* How to complete this task
Every line below from the one with "ECO SOUL runde" through the one with "Relation between Energy" is to be repeated exactly, with no picture among them.

* Input data
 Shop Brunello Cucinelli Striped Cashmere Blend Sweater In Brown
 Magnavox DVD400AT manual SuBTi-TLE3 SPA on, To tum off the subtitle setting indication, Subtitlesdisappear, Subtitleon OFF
* * *
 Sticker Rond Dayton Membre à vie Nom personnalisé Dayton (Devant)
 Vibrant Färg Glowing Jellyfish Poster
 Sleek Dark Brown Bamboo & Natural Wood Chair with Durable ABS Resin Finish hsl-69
==
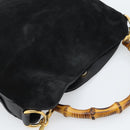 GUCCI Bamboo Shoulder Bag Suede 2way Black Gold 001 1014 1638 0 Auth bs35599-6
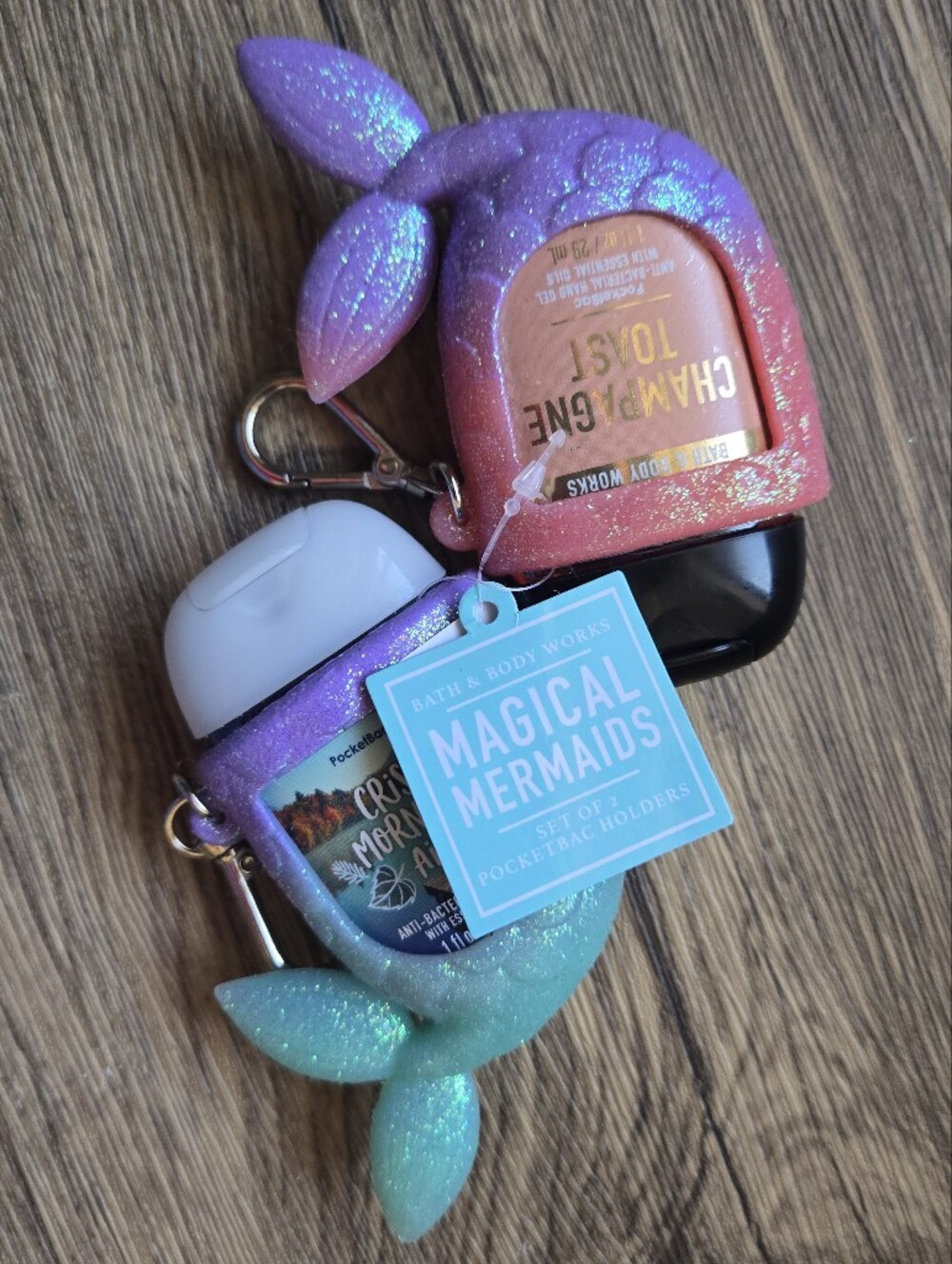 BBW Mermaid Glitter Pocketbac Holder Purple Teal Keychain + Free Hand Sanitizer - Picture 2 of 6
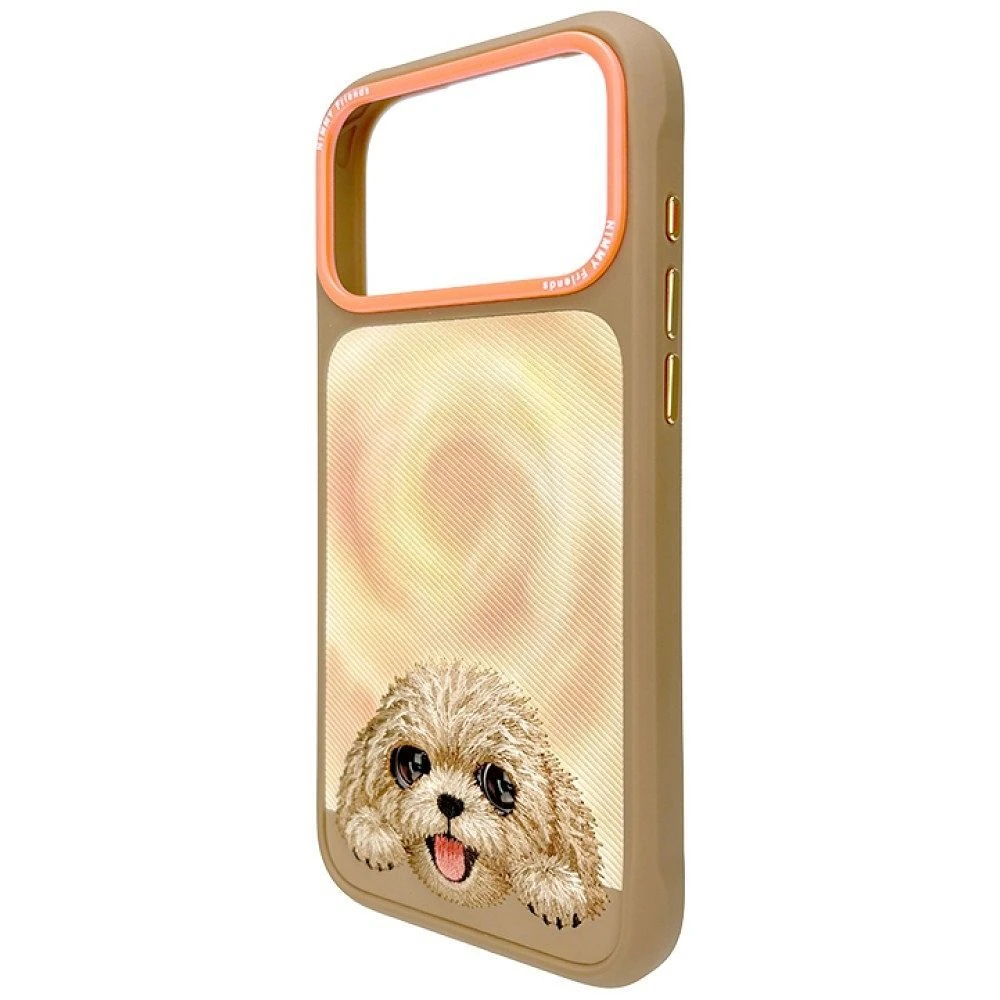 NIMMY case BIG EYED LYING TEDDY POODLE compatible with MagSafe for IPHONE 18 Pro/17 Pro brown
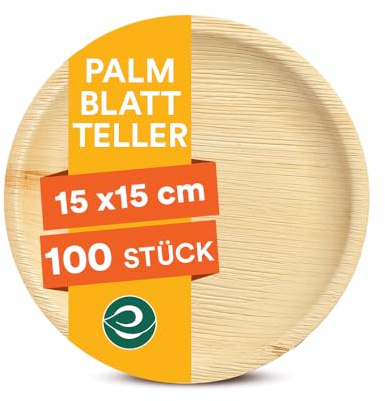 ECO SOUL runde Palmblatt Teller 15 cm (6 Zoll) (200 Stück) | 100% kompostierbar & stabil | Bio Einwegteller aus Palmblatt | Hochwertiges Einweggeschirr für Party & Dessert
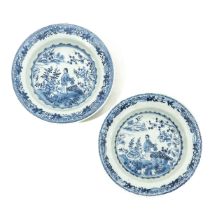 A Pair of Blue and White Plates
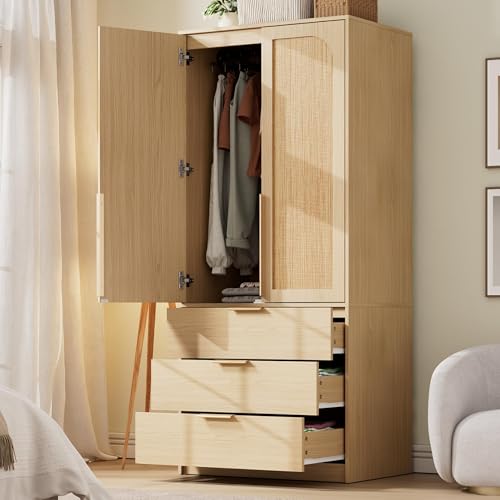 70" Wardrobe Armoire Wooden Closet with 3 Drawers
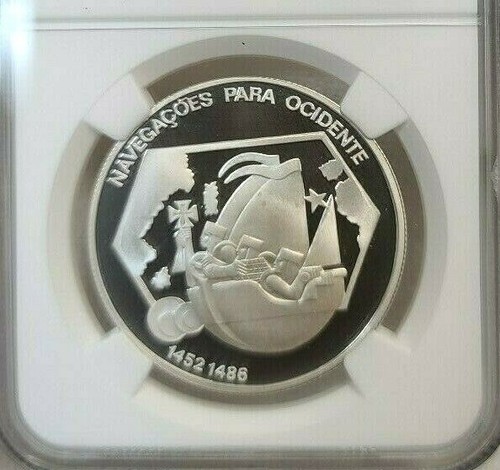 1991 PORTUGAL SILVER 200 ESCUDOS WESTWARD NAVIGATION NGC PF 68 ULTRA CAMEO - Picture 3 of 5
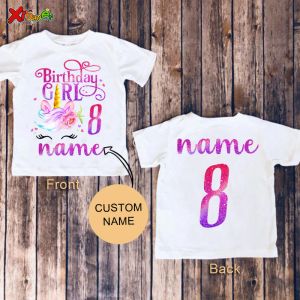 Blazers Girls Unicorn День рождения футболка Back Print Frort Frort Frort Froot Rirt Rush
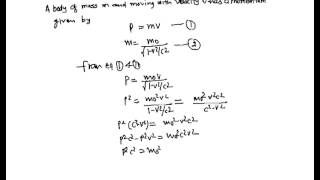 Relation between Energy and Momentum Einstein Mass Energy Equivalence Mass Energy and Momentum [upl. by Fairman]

* Output of the task
 ECO SOUL runde Palmblatt Teller 15 cm (6 Zoll) (200 Stück) | 100% kompostierbar & stabil | Bio Einwegteller aus Palmblatt | Hochwertiges Einweggeschirr für Party & Dessert
 A Pair of Blue and White Plates
 70" Wardrobe Armoire Wooden Closet with 3 Drawers
 1991 PORTUGAL SILVER 200 ESCUDOS WESTWARD NAVIGATION NGC PF 68 ULTRA CAMEO - Picture 3 of 5
 Blazers Girls Unicorn День рождения футболка Back Print Frort Frort Frort Froot Rirt Rush
 Relation between Energy and Momentum Einstein Mass Energy Equivalence Mass Energy and Momentum [upl. by Fairman]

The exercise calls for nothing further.